With the help of her lawyer J. N. Powell, she found grounds for an appeal. In Alabama’s Supreme Court, they argued that Charles Marshall’s accusation could not be admissible in court, due to the fact that he was an “infidel,” and thus not afraid of eternal punishment for his lies. “An infidel’s dying statement should not receive the same credence as that given to the word of a believer in God and the hereafter,” Powell claimed. “My contention is that if a man is an infidel he would as soon make a false statement on his deathbed as he would in the prime of life.”
What a loaded statement that was! Powell relied on several notions of truth as it relates to religious belief. First, there is the curious matter of the deathbed confession. Christian tradition places great value in the truth of the last words of the dying, because there would be no time to repent of the sin of bearing false witness, and thus the deceased would enter eternity with a blot on his record. Lying at any other stage of life, while sinful, can be washed clean. A non-believer, though, lacks that impetus to escape punishment in his final moments.
Second, eternal punishment itself is a key notion for assessing the truth values of statements. We take oaths in court for multiple reasons. The legal reason is to place a witness in a special status, under which false statements can be grounds for prosecution if discovered. While under oath, the witness is vulnerable to punishment by the state. But the wording of the traditional court oath (“…so help me God.”) fulfills the eternal reason for oath taking: reminding the witness that even if the state fails to discern a lie, God will. And the torments of hell are worse than anything you’ll encounter in prison. Holding a belief in a future state of reward and punishment (but most importantly punishment) is so crucial that Maryland and Pennsylvania wrote it into their constitutions.
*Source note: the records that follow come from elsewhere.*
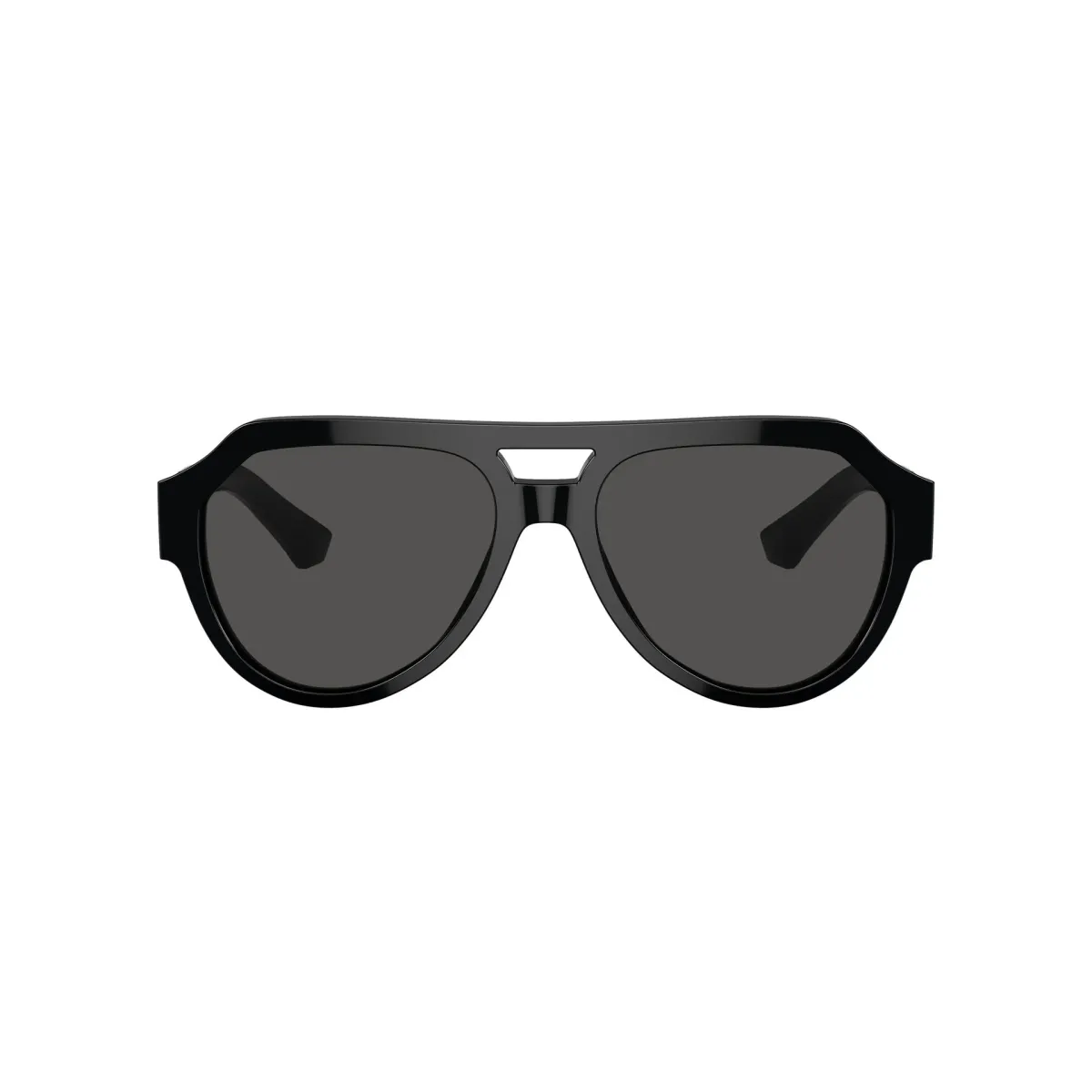 DOLCE GABANA DG4466 501/87 56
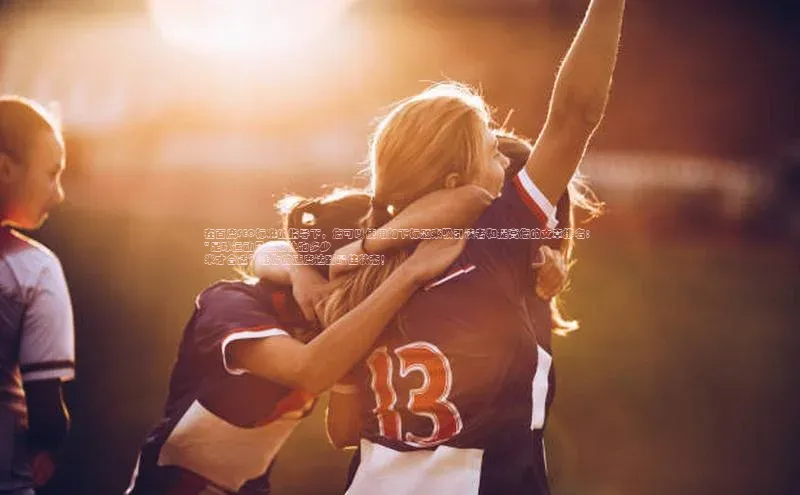 龙8国际电子平台百度手机助手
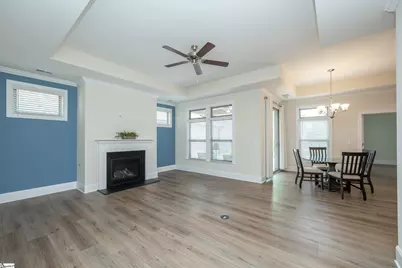811 Vita Drive, Greer, SC 29651 - Photo 5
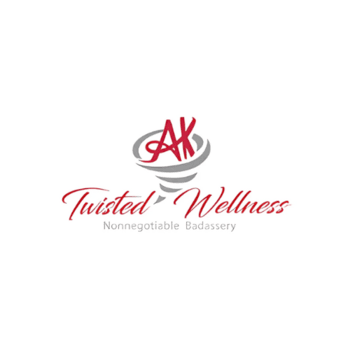 AK Twisted Wellness Profile Picture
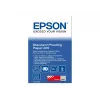 Epson Standartinis Proof Popierius, 24 coliai x 50m, 205g/m², 50 m, 61 cm, 61 cm (24 coliai), Pusiau matinis, 200 µm, 205 g/m²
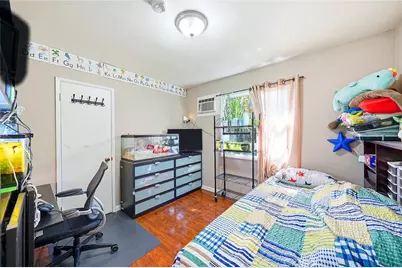 4856 Stancroft, Baldwin Park, CA 91706 - Photo 25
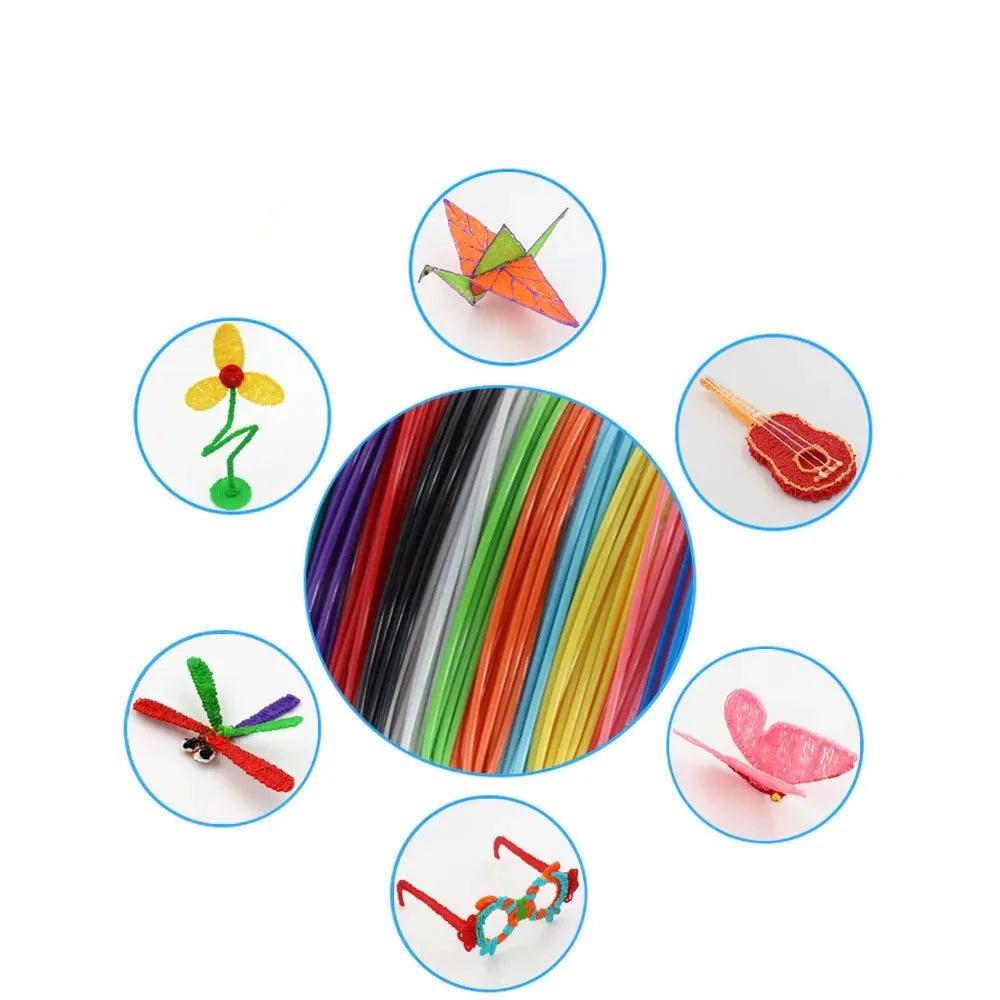 3D Printing Pen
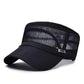 🧢 50% RABATT! ☀️ Sommer Outdoor Hut – Atmungsaktiv, schnelltrocknend, verstellbar & nur 70g – Perfekt für Reisen, Wandern und Strand ✨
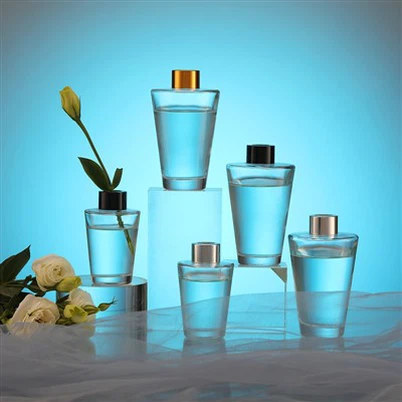 Exquisite Aromatherapy Diffuser Lub raj mis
Finally, there is the matter of the word “infidel.” Powell most likely chose this word carefully. He could have referred to Charles as an atheist, an unbeliever, a heretic, a heathen–all terms that would not have been out of place at the time. Instead, he chose the word that indicted the victim as “faithless.” Not merely lacking Christian faith, Charles would necessarily be faithless to his own word. To the other lawyers and the judge, who would all be familiar with the Latin root of the term, “infidel” was as much accusation as description.
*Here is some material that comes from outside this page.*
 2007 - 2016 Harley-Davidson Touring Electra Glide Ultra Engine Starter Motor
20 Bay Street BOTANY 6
Unfortunately for Emma, the court did not accept this line of argument. Judge A. B. Foster ruled that the testimony of an atheist was indeed admissible in court, denying not only this particular petition, but also the legal precedents in Arkansas and Maryland, where atheists’ testimony was non-negotiable. Emma Marshall returned to the penitentiary to serve out her life sentence.
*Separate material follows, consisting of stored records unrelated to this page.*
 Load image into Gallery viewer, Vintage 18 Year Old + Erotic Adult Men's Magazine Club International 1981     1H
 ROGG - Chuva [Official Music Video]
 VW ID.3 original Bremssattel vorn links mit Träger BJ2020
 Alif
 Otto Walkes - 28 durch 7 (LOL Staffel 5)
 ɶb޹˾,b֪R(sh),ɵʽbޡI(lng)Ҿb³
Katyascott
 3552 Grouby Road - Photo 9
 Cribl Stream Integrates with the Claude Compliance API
Lest you think that this is an artifact of a bygone era, there is also the case of Nicola Cucuz, who, after testifying against his assailant, was asked by the opposing counsel if he believed in God. Cucuz answered that he did not, which led to an immediate mistrial on the basis that his oath “to tell the truth, the whole truth, and nothing but the truth, so help me God,” was invalid. This Manhattan court in 1960 could not accept testimony because the wrong incantation was spoken.